At this point in my adventures with a retired Canon Pixma MX340 multi-function inkjet, I have a rudimentary understanding of the asynchronous serial communication between its main board and its control panel. To help fill in remaining gaps in my knowledge, I want a tool that can recognize the patterns I've identified and alert me whenever it sees something outside of those patterns.

At a hardware level, I want this mechanism to listen in on data transmitted in both directions: from main board to control panel, and from control panel to main board. This is the default operating mode for an oscilloscope and a logic analyzer, which I've used to date. But if I want to build something with commodity hardware I will probably use hardware UARTs. They have provision to connect in a RX/TX pair of wires. If I want to use standard UART peripheral to listen to both directions, I will need two UART and connect their RX wires to each of two directions. Their TX wires would be left unconnected as I will not inject data into either path.

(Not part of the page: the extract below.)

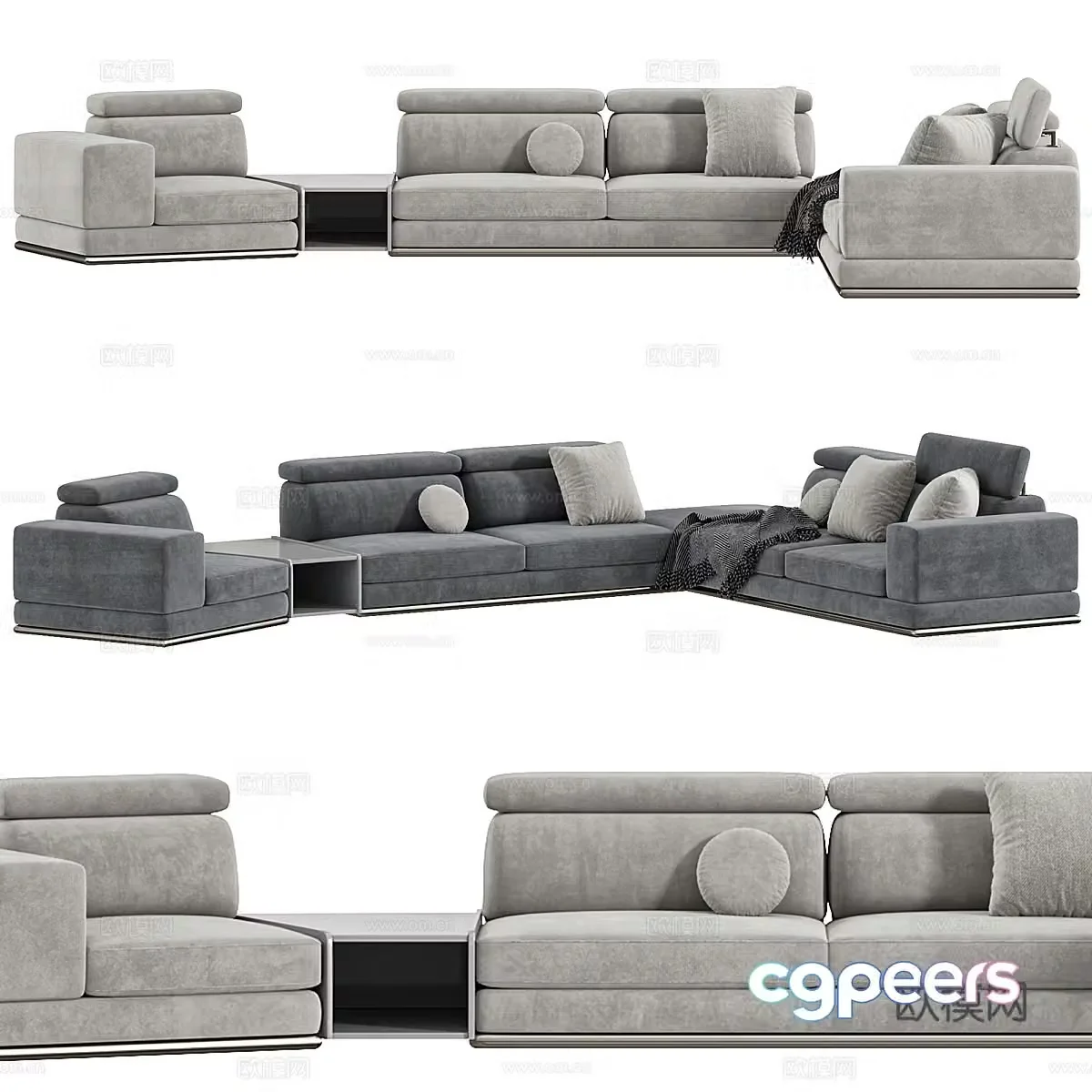 Modern Lazzoni Series Corner Sofa 3D Model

At a software level, I want to describe the patterns I've observed so far on each channel. For the control panel to main board wire, this means watching the button matrix report every 9.2ms. It means looking for 0x20 sent as acknowledgement to main board commands. If anything else comes up, it will need to raise an alert in some way. Ideally it can dump out the unexpected data as well, but if not I can still use the logic analyzer to capture and analyze those events.

Similarly, the other wire carrying signals from main board to control panel will need to recognize the two-byte command sequences I've recorded to date, plus the 196-byte bulk transfers for LCD screen update. I want be alerted in case of command sequences I haven't seen yet. Or if a bulk transfer isn't 196 bytes or otherwise not fitting in the LCD screen update pattern.

The capability I wish for here doesn't feel particularly exotic. While my reverse-engineering project might not be a mainstream scenario, such capabilities would be useful for verification and testing. Useful for ensuring devices on either end of an asynchronous serial link is behaving according to spec. The challenge is whether I can figure out the right keywords to find such a thing.